Posted by on Nov. 17, 2017 at 11:28 PM
  • 5 Replies

Not really looking for advice...I know what I'm going to do, I think...but just want to talk about this with people who understand (but don't actually know us...funny how that goes?).

So, when we started homeschooling my youngest, we only planned on a couple of years...until we could get him caught up. Somewhere along the line that changed for me. 

For one thing, I could tell it was going to take longer than that to get him on grade level...maybe he wouldn't ever be on grade level and that would be ok. But he would learn and wouldn't be drug along in misery. 

I still did do plan for him to go back to public school at some point (that point was Junior High back when we were in a district where my older son just loved the school...and where the school had three amazing electives and minimal homework.  Now that we are in a more "rigorous" district where my junior higher has only one elective, and not much choice in that, and 1-2 hours of homework a night, I'm backing off from that...looking into charters and aiming for high school in stead. )

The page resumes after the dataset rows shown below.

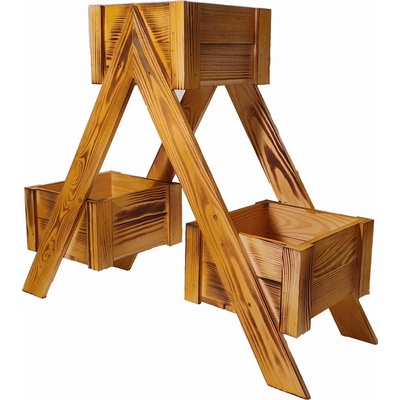 Krušnohorský Nábytok Drevený 3kvetináč 68 x 24 x 56 cm prírodný S3B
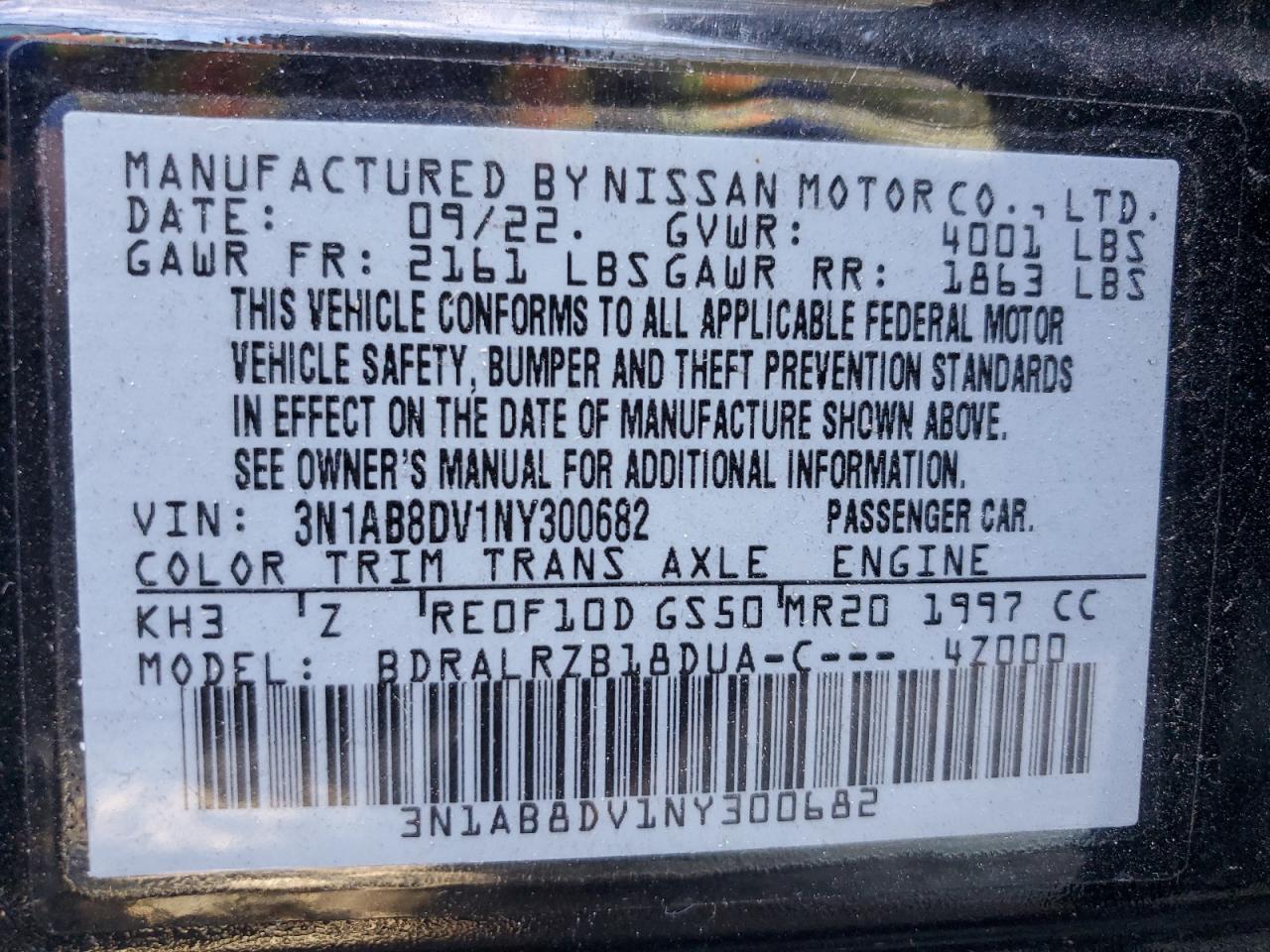 2022 Nissan Sentra Sr VIN: 3N1AB8DV1NY300682 Lot: 85169015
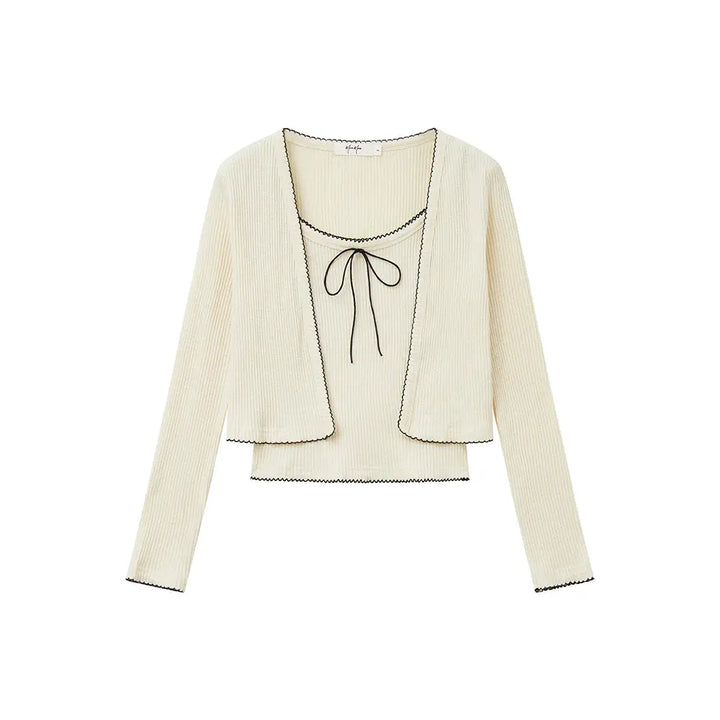 An image of a  Almond / onesize S8807 Two-Piece Knitwear Set by  Mirra Masa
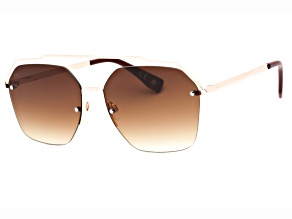 Prive Revaux One Champagne Gold Tone Round Frame / Merlot Brown Gradient Lenses Sunglasses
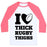 Virgin Teez  Baseball Tee Unisex Classic Baseball Tee / x-small / White/Neon Pink I LOVE THICK RUGBY THIGHS UNISEX CLASSIC BASEBALL TEE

Then, this morning, my husband said this...

"M... is reading so well. I think he'll be ready to go back to school by next year."

And with that piece of praise with a side of unintentional gut punch I realized my husband was still on the "few years and back" plan...

And I'm not even ready for that.  I actually have lesson ideas set aside for a couple years from now.   Just so not ready.

But is my son ready?   Would that be better for him?   Wow.  That's a question.

Now that we're in California, we could homeschool through a charter and some local charters have regular classroom schools too, though they still allow a lot of independance in homeschooling.  I actually was already thinking of trying out a charter that does both homeschool and classroom school  BEFORE this happened.   I was looking into gradually getting him ready for a classroom setting...maybe seeing if he could do classes a couple days a week through a charter, and I could homeschool the other days.  So, I guess in some ways I was thinking this too. (AIN'T NO WAY he's going into the system that gives 2 hours of homework in middle school.)

Lots to think about.  

And unfortunately this conversation happened right as my husband was leaving for a trip, so I couldn't talk with him much about it then.   But maybe that's a good thing...gives me time to think through things. 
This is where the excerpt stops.